Metaphor was inspired by the novel My Antonia, written by Willa Cather in 1918. Deak’s work opens with the sounds of a typical day on the Nebraska prairie: wind, birds singing, the idle whistling of a young boy, and the creaking of an old wagon. All sounds are produced either vocally or with the cello and bow. Passages from the novel have been put into verse, which the cellist recites as he or she plays, sometimes transferring the words of the text directly to the cello.

In the novel, there is a brief scene where a young boy, as told in the first person, goes out on the prairie. He lies flat on the ground with his arms outstretched, crumbling the warm earth between his fingers. Willa Cather beautifully describes, through the boy’s eyes and mind, the wonderment he feels as he experiences this connection with the earth. This passage captures the essence of Jon Deak’s Metaphor.

Jon himself describes it well: “the ‘metaphor,’ comes from the fact that as the boy is becoming part of the earth, his breathing mixing with the wind, and his whistling with that of the birds, so his speech, and perhaps even he himself become...the cello.” Following are the final words of the text which become gradually inaudible under the sound of the cello, “Perhaps we feel like that when we die…and our bodies become a part of something entire...and are dissolved....into something....complete and great.”
—                                                      -Steven Pologe
Greetings From 1984, for violin and piano, recreates musically George Orwell’s nightmarish vision of a totalitarian society. Deak chose three main segments from the book and wove them together into a continuous fifteen-minute composition. The date in the work’s title has special meaning for Deak as he wrote this work in 1984 and felt that, because Orwell spoke to us from 1948, that it was only appropriate to look back and “greet” Orwell in return.

Of the four works on this disk, Greetings From 1984 requires the performers to play the greatest number of instruments, including glockenspiel, door chimes, fire bells, bird and duck calls, a lamb cry, and a host of others — all to be played while the pianist and violinist are also playing their virtuoso instrumental parts and delivering the text vocally.

The three episodes presented from the book are: (1) The Antique Shop, in which Winston, a disillusioned worker wanders the fascist wasteland of future London and finds himself in a musty old antique shop; (2) The “Two Minutes Hate,” a propaganda lecture delivered by Big Brother; and (3) The Encounter, in which Winston meets the dark-haired girl from the anti-sex league.

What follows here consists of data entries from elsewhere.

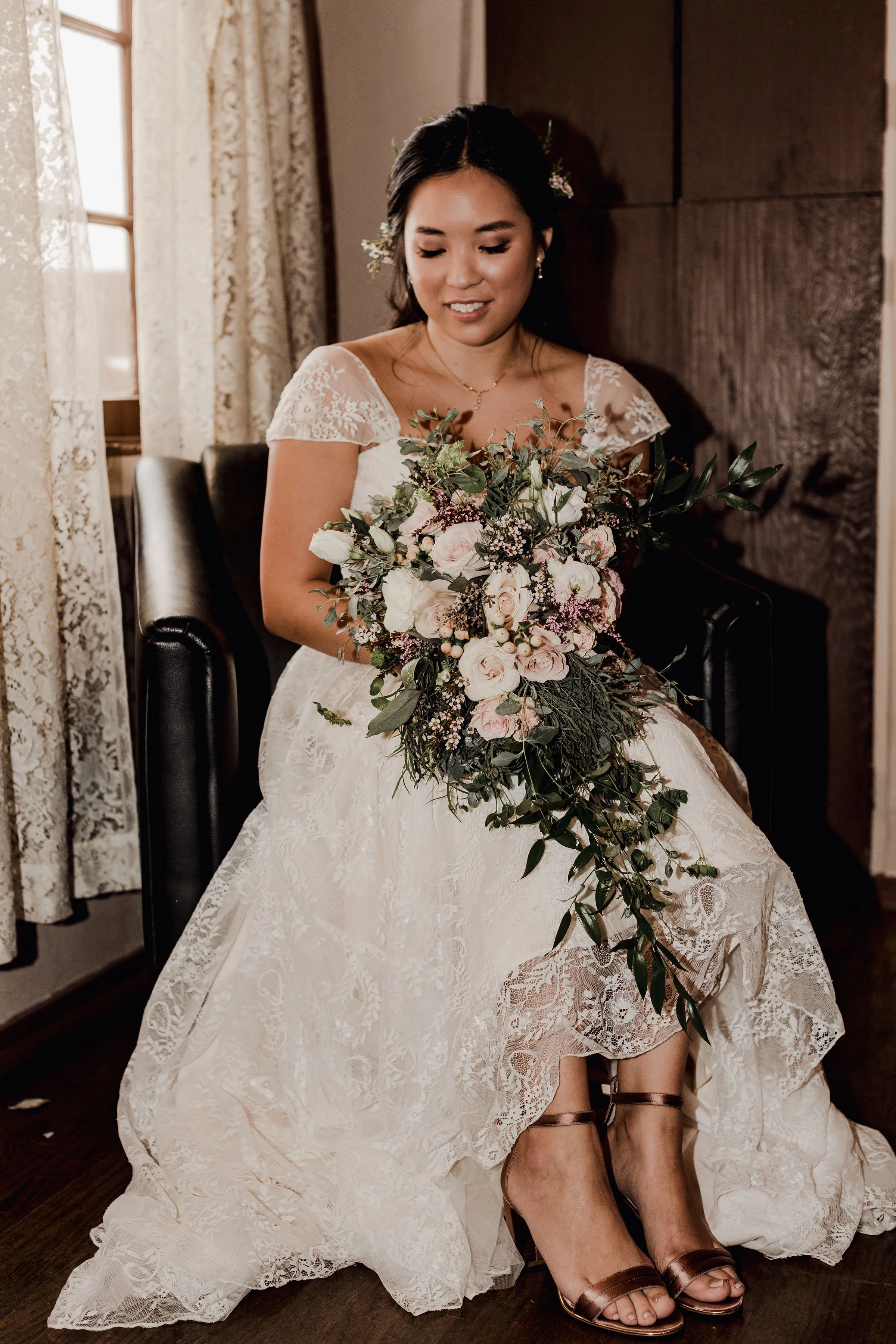 A bride sitting down in a white lace wedding dress, holding a large bouquet of pink and white flowers with greenery, smiling softly, with her feet in bronze high heel sandals.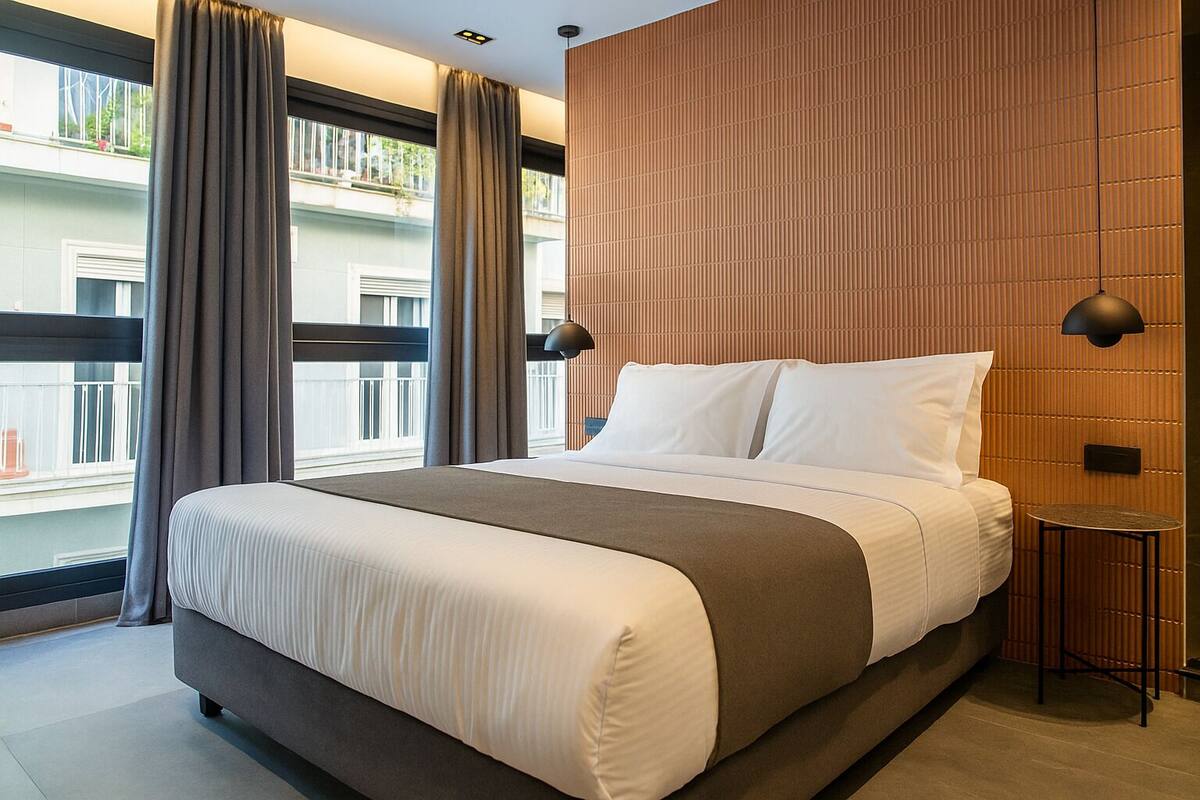 A modern hotel room with a large bed, a small bedside table, and a view of the outside balcony.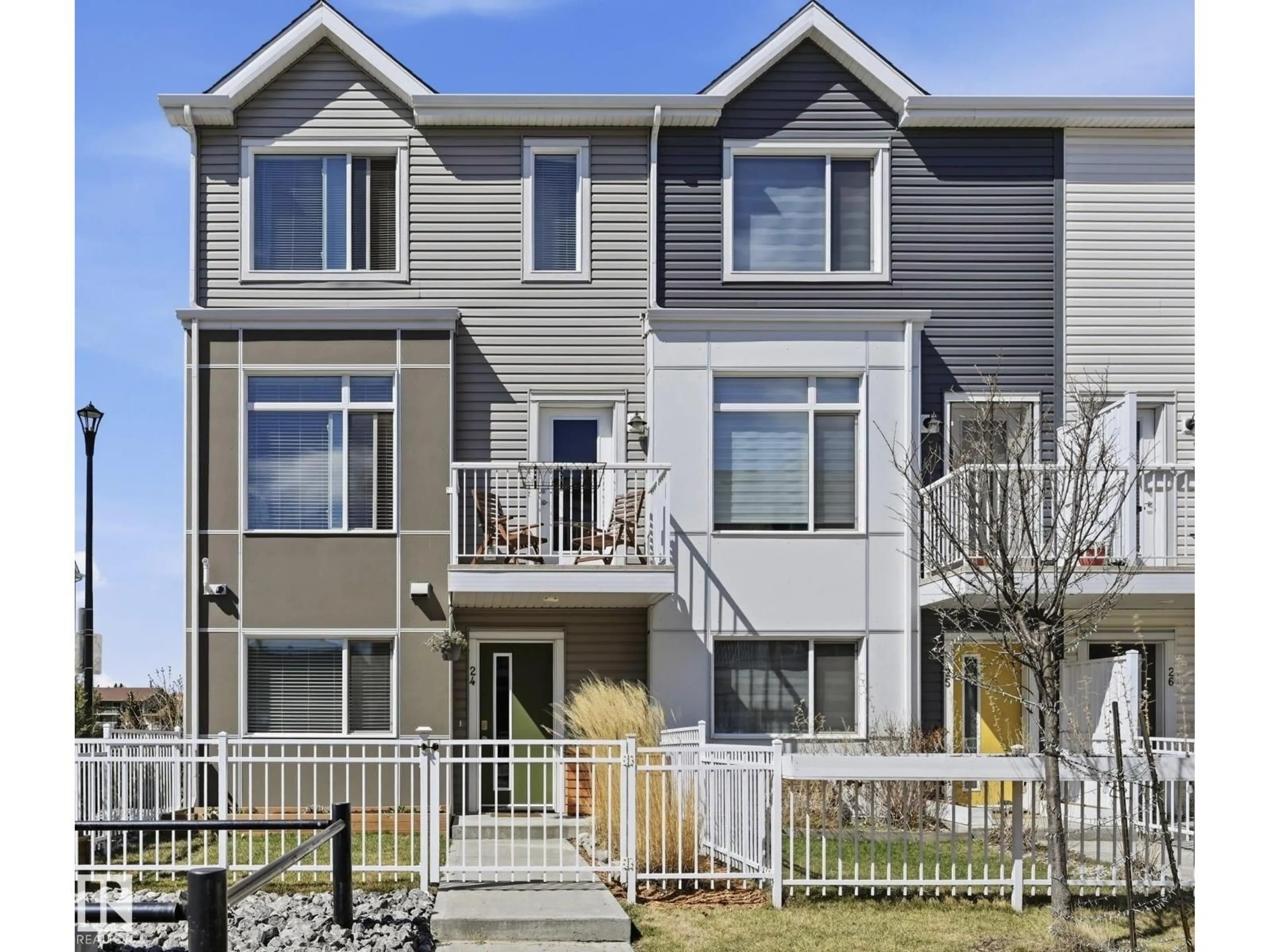 Home with vinyl exterior material, street for 24 215 SADDLEBACK RD, Edmonton Alberta T6J5T6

The work opens with an eerie tone row played by the violin alone. This is picked up by the piano, not so much in echo as in stealthy pursuit. A feeling of paranoia fills the atmosphere. On his way to a political meeting, Winston wanders through dark alleyways, finding himself on the doorstep of an antique shop. As he enters, the store’s dusty merchandise seems to come alive, ticking and chiming furiously. A grandiose piano cadenza leaves no doubt that the proprietor is a literary man — perhaps even a musician! Amidst the trinkets and rubbish, Winston is drawn to a smooth, sensuous glass object whose shape is reflected in the music’s rounded phrases and glissandi. Suddenly we are jolted out of the almost hypnotic reverie by the screech of a police whistle announcing the mandatory “Two Minutes Hate.” Big Brother’s tirade is graphically painted using Deak’s signature compositional technique found in all the works on this disk that he calls “Sprechspiel,” or “Speakplaying.” The violent ponticello scratchings and glissandi in the violin capture the vocal inflections and murderous intent of Big Brother’s speech. Winston’s compulsion to mimic his comrades is conveyed through imitative snippets of music and text tossed back and forth between violin and piano. Later, as Winston leaves his work cubicle to go to the cafeteria, he encounters the dark-haired girl. His diaphragm constricts! Just as she nears him, she suddenly falls down. As Winston nervously helps her to her feet, she whispers something unexpected in his ear.
                                              -—Kathryn Lucktenberg and Mary Lou Humphrey

JON DEAK'’s compositions have been heard worldwide at venues ranging from Mountain tops, and concert halls, to city streets and kindergartens. His orchestral works have been performed by such institutions as the New York Philharmonic, the Chicago, National, Minnesota, Cincinnati, Atlanta, and Colorado Symphonies, and many of the world’s leading chamber ensembles. He is one of the few composers who holds a major symphonic position: he is the Associate Principal Bassist of the New York Philharmonic, and is also that orchestra’s Creative Education Associate.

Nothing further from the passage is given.